• [What is being asked]: From the listing that follows, output everything exactly except the pictures.

• [Dataset excerpt]:
■ ■ ■ ■ ■
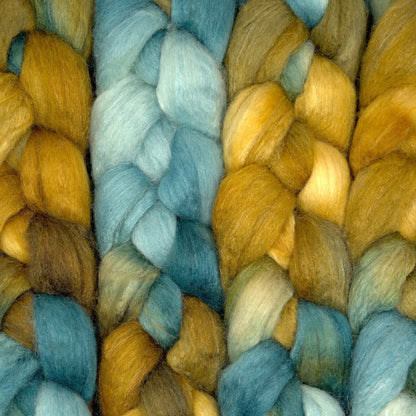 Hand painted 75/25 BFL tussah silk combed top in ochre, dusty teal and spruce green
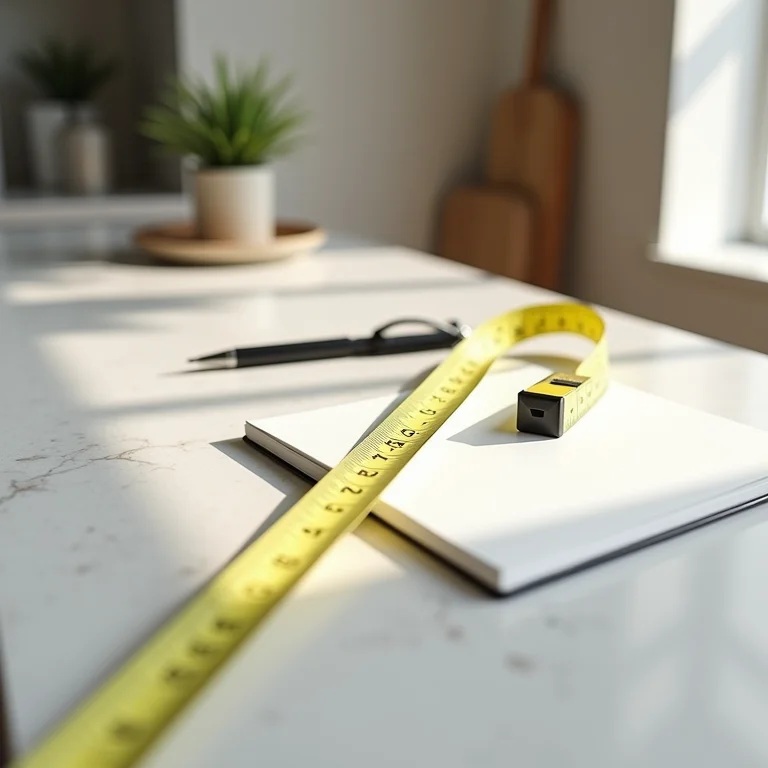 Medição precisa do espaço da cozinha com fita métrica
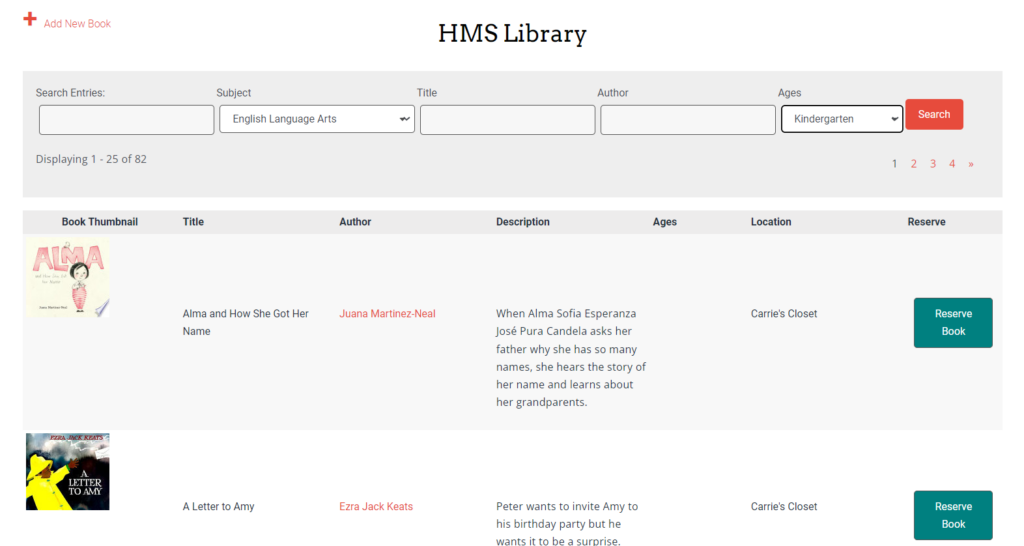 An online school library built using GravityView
■ ■ ■ ■ ■
• [Exercise solution]:
 Hand painted 75/25 BFL tussah silk combed top in ochre, dusty teal and spruce green
 Medição precisa do espaço da cozinha com fita métrica
 An online school library built using GravityView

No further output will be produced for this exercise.